中国依存度を、輸出金額だけで判断するのは古い考え方だ

 『フォーブス』(11月30日号)が「中国依存度ランキング」を発表した。輸出全体に占める中国の割合とGDPに占める中国への輸出額の比率を基準に各国を順位付けしている。中国輸出がGDP比で3%、中国の輸出シェアが19%の日本は、世界で5番目に中国依存度が高い国だそうだ。

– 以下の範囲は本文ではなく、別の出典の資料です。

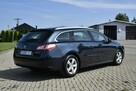 Peugeot 508 SW 1,6hdi Head-UP,parktronic,alu,Navi,Gwarancja - 11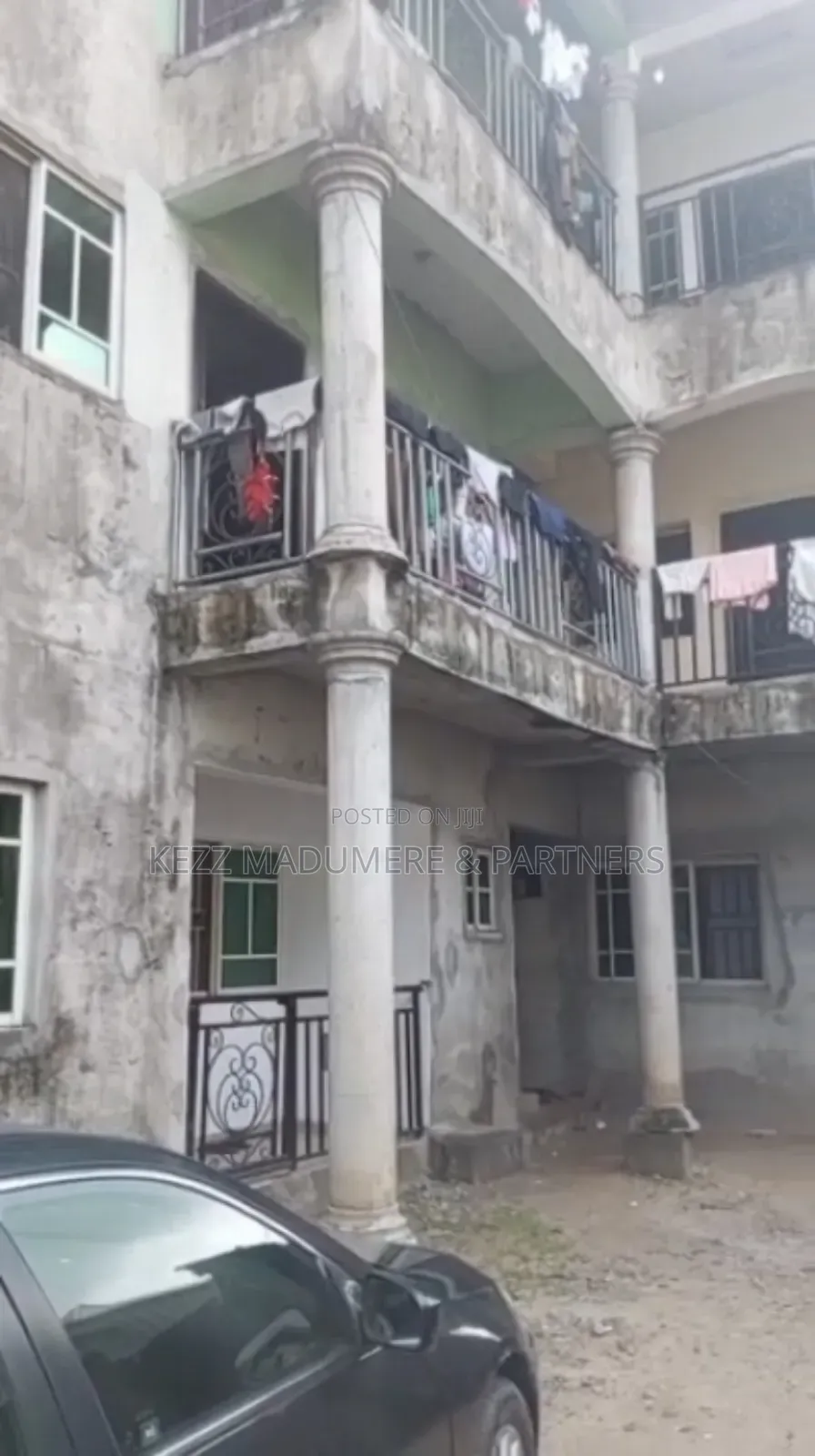14bdrm Block of Flats in Rukpokwu , Port for sale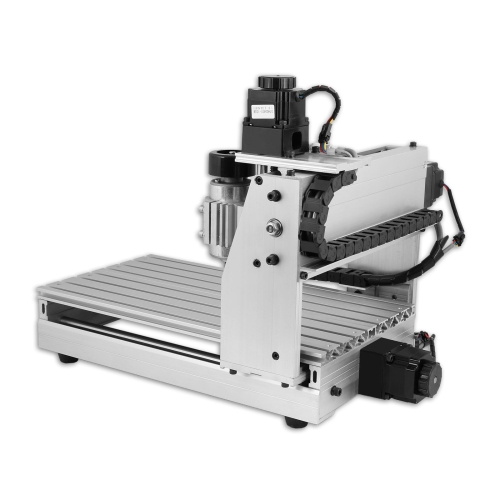 CNC Freesmachine 3020 T 3D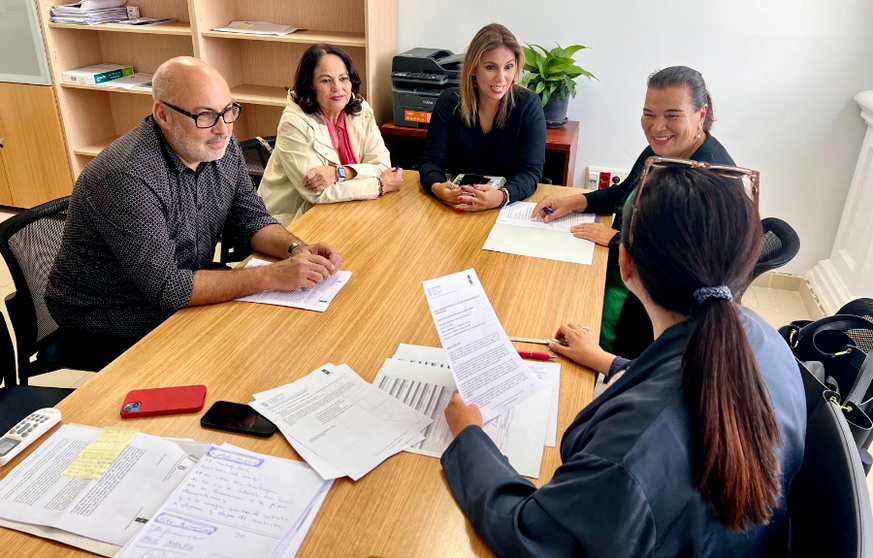 El jurado ha decidido por unanimidad proponer al Ilustre Colegio Oficial de Farmac&eacute;uticos de Ceuta para la concesi&oacute;n del Reconocimiento en la lucha contra la Violencia de G&eacute;nero de la Ciudad Aut&oacute;noma de Ceuta 2024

 ちょっと待ってほしい。いま東京銀座や富士山麓、長崎のハウステンボスにたむろしている中国人旅行者が消えてしまったら。日本の経済はどうなるだろうか?国内消費への外国人旅行客の貢献額を加えて、中国依存度を補正すべきではないだろうか?
 依存度第一位のオーストラリア国内に、中国人がそれほどお金を落としているとは思えない。韓国と台湾は依存度が大きいとはいえ、国の経済規模はそれほど大きくはない。台湾などは、そう発言すると怒られるかもしれないが、投資実績や企業人材の移動環境をよく見れば、経済的にはすでにひとつの国のようなものだ。
 というわけで、日本の依存度は、少なくとも4位のチリよりは上だと思われる。下手をすると、実は韓国や台湾よりも依存度は高いかもしれない。物財の輸出だけで、経済依存度を判断するのはいかがなものだろうか。実態を見誤ってしまう。サービス(輸出)と観光収入も考慮に入れてほしいものだ。

 もちろん、2015年の日本を訪問する中国観光客は、推定で600万人が見込まれている。一人が30万円を支出するとして、年間1兆8千億円が日本に落ちることになる。もっとも中国の旅行社の取り分もあるので、すべてが日本の国内消費を押し上げるわけではない。GDPの3%で輸出金額が15兆円を超えているから、中国人観光客の貢献は10%程度のものである。
 ただし、わたしが来週号(12月7日号と14日号)の『日経MJ』「ヒット塾:(上)カジュアル衣料品、(下)コンビニエンスストア」で紹介するが、帰国後の日本ブランドの購買波及効果がばかにならないのである。また、越境EC(輸出)の活況も報告されている。

 <参考>「中国依存度ラインキング」(2015年11月)
 5位:日本。対中輸出額/輸出額=19%、対中輸出額はGDPの3%に相当。
 4位:チリ。対中輸出額/輸出額=23%、対中輸出額はGDPの8%に相当。
 3位:韓国。対中輸出額/輸出額=25%、対中輸出額はGDPの11%に相当。
 2位:台湾。対中輸出額/輸出額=26%、対中輸出額はGDPの16%に相当。
 1位:オーストラリア。対中輸出額/輸出額=34%、対中輸出額はGDPの6%に相当。